We're speaking of the four-year-old Washington, D.C. Opportunity Scholarship Program that provides vouchers to about 2,000 low-income children so they can attend religious or other private schools. The budget for the experimental program is $18 million, or about what the U.S. Department of Education spends every hour and a half.

This fight has nothing to do with saving money. But it has a lot to do with election-year politics. Kevin Chavis, the former D.C. City Council member who sits on the oversight board of the scholarship program, says, "If we were going to do what was best for the kids, then continuing it is a no-brainer. Those kids are thriving." More than 90% of the families express high satisfaction with the program, according to researchers at Georgetown University.

Many of the parents we interviewed describe the vouchers as a "Godsend" or a "lifeline" for their sons and daughters. "Most of the politicians have choices on where to send their kids to school," says William Rush, Jr., who has two boys in the program. "Why do they want to take our choices away?"

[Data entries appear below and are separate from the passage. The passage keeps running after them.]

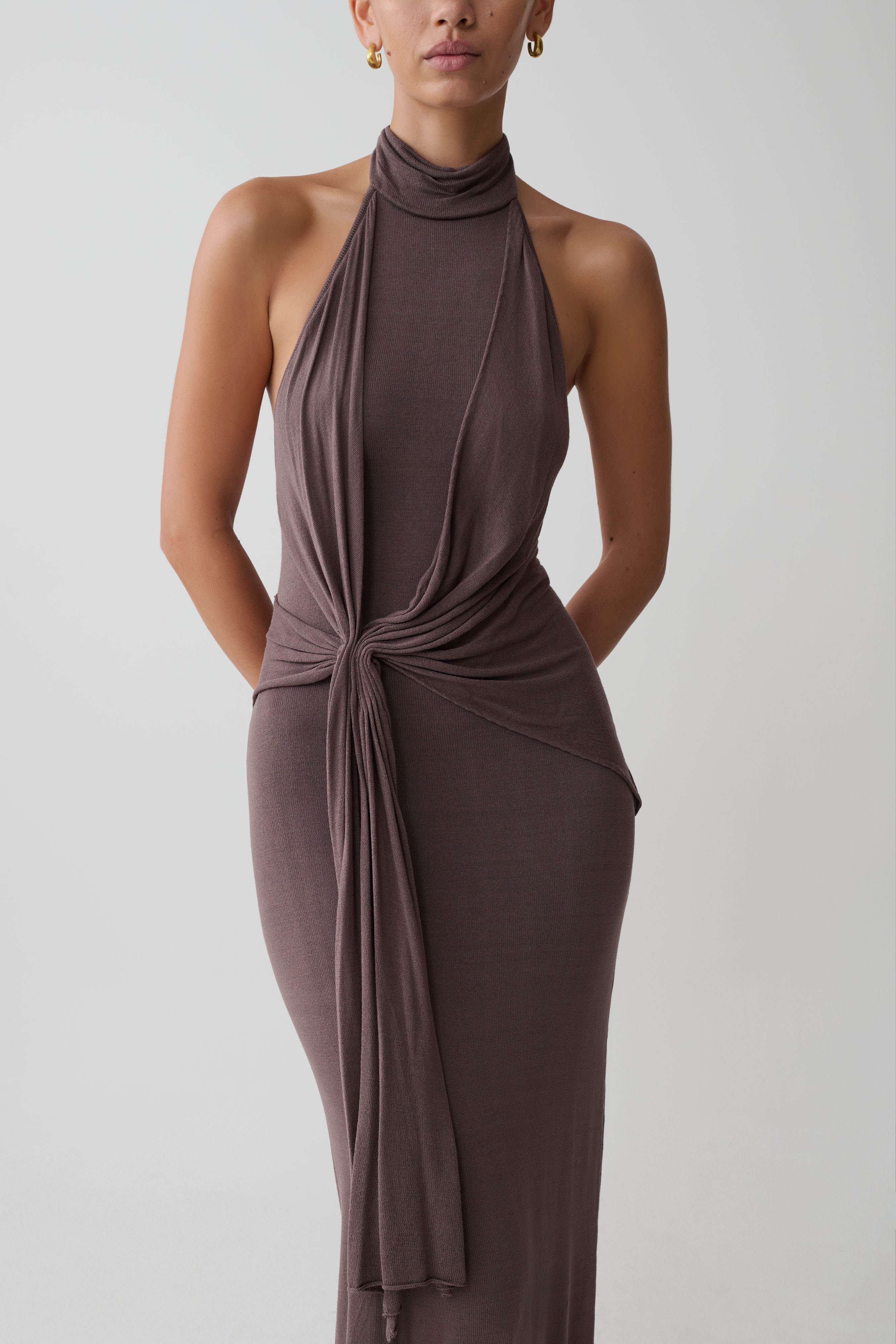 Cindylou Halter Knit Maxi Dress - Peppercorn - Image 2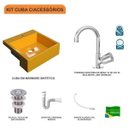 Ver imagem 3 de Kit Cuba XQ355 Torneira C50 e Válvula 1 Polegada ABS Sifão Flexível PVC Compace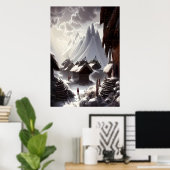 Dorf auf dem Schnee und Berg | AI Art Poster (Heimbüro)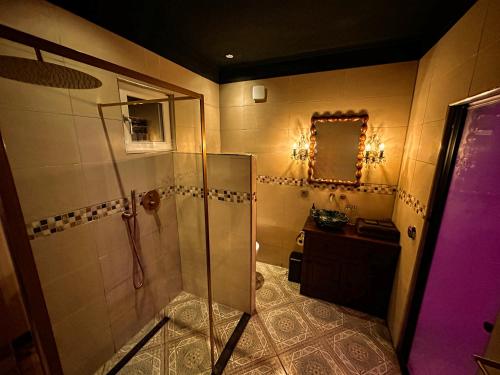 ein Badezimmer mit Dusche, Waschbecken und Spiegel in der Unterkunft Wellness Tuin - Ultieme Partner Beleving - Privé Wellness Vakantiehuis met Privé Jacuzzi in Privé tuin, Privé Indoor Sauna en Privé Indoor Stoomcabine in Koloniale Stijl - Gratis Fles Prosecco & Leuke Partner Connect Box ! in Horst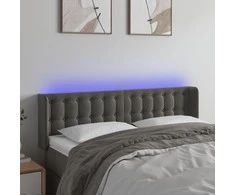 Galvūgalis su LED, tamsiai pilkas, 147x16x78/88cm, aksomas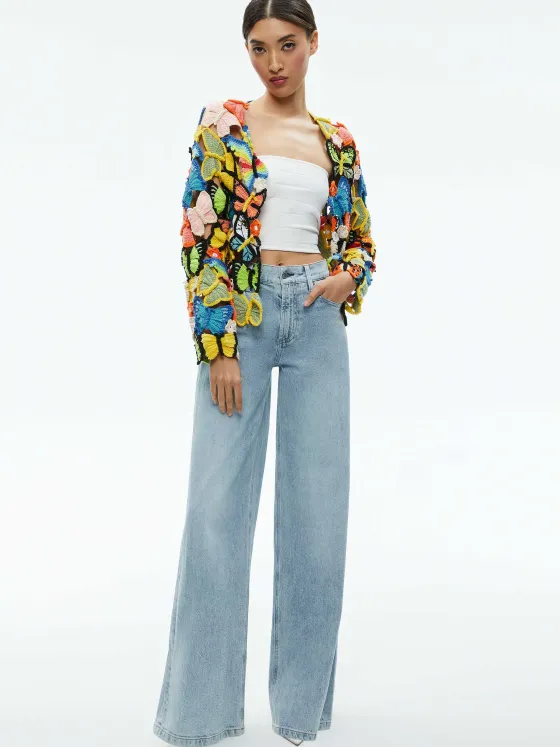 Women Alice and Olivia Fawn Butterfly Crochet Cardigan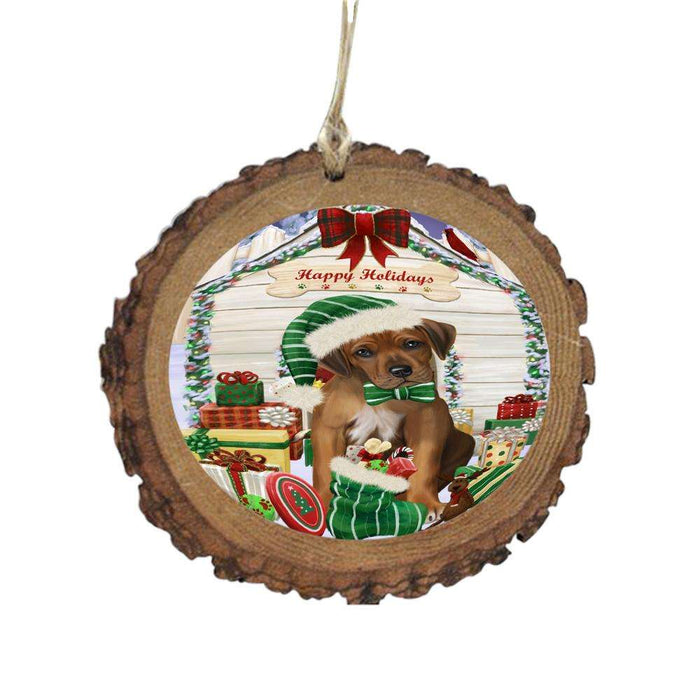 Happy Holidays Christmas Rhodesian Ridgeback House With Presents Wooden Christmas Ornament WOR49935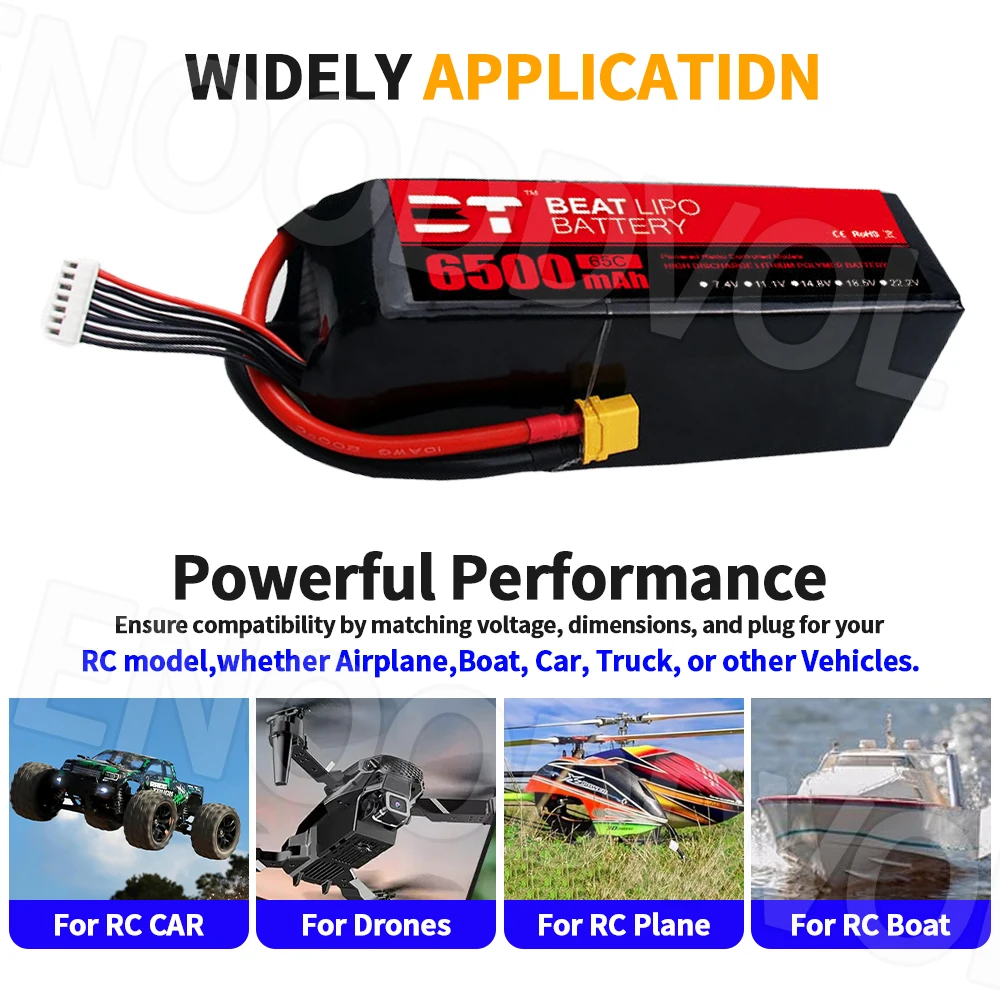 Vue latérale de la batterie LiPo 6S 22.2V 6500mAh 65C, câbles et connecteurs visibles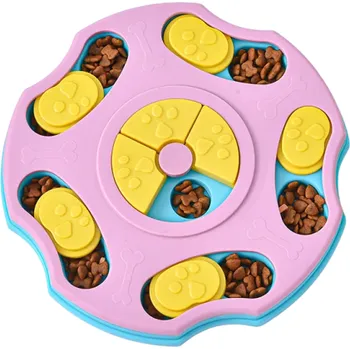 Miska pro psa Interaktivní dávkovač granulí pro psy Hračka na pomalé krmení Stimulující tréninková pomůcka pro každodenní krmení růžová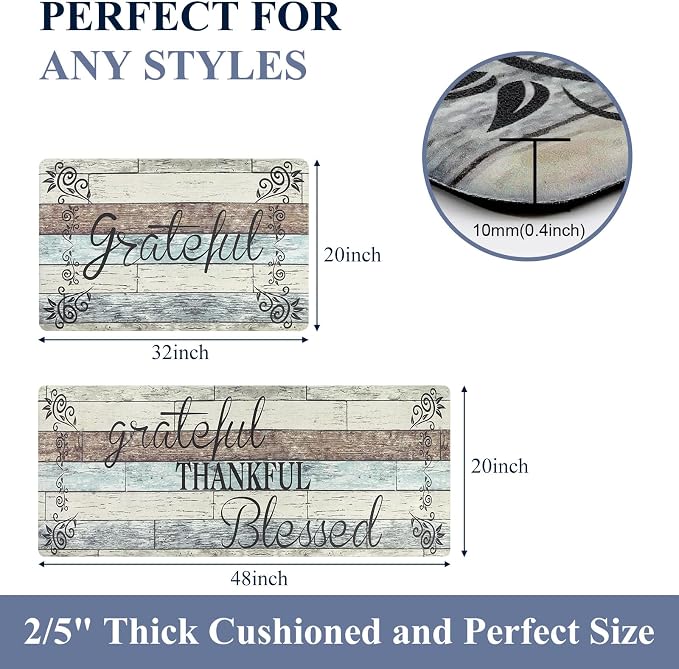 HEBE Anti Fatigue Kitchen Mat Set of 2 Non Slip Cushioned Kitchen Mats for Floor Waterproof Farmhouse Kitchen Rugs and Mats Set Comfort Standing Desk Mat Carpet for Sink,Office,Laundry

Good question. These are families in heavily Democratic neighborhoods. More than 80% of the recipients are black and most of the rest Hispanic. Their average income is about $23,000 a year. But the teachers unions have put out the word to Congress that they want all vouchers for private schools that compete with their monopoly system shut down.

This explains why that self-styled champion of children's causes, Eleanor Holmes Norton, the Congressional delegate from the District of Columbia, is leading the charge to kill the program. Ms. Norton contends that vouchers undermine support and funding for public schools. But the $18 million allocated to the program does not come out of the District school budget; Congress appropriates extra money for the vouchers.

The $7,500 voucher is a bargain for taxpayers because it costs the public schools about 50% more, or $13,000 a year, to educate a child in the public schools. And we use the word "educate" advisedly because D.C. schools are among the worst in the nation. In 2007, D.C. public schools ranked last in math scores and second-to-last in reading scores for all urban public school systems on the National Assessment of Educational Progress.

Opponents claim there is no evidence that the D.C. scholarship program is raising academic achievement. The only study so far, funded by the federal Department of Education, found positive but "not statistically significant" improvements in reading and math scores after the first year. But education experts agree it takes a few years for results to start showing up. In other places that have vouchers, such as Milwaukee and Florida, test scores show notable improvement. A new study on charter schools in Los Angeles County finds big academic gains when families have expanded choices for educating their kids.

If the D.C. program continues for another few years, we will be able to learn more about the impact of vouchers on educational outcomes. The reason unions want to shut the program down immediately isn't because they're afraid it will fail. They're afraid it will succeed, and show that there is a genuine alternative to the national scandal that are most inner-city public schools. That's why former D.C. Mayor Anthony Williams and current Mayor Adrian Fenty, both Democrats, support the program.

"Hopefully," says Mr. Chavis, "Congress will focus on the kids, not the politics here." Barack Obama might call that the audacity of hope, if he finally showed the nerve to break with the unions on at least one issue and support these poor D.C. students.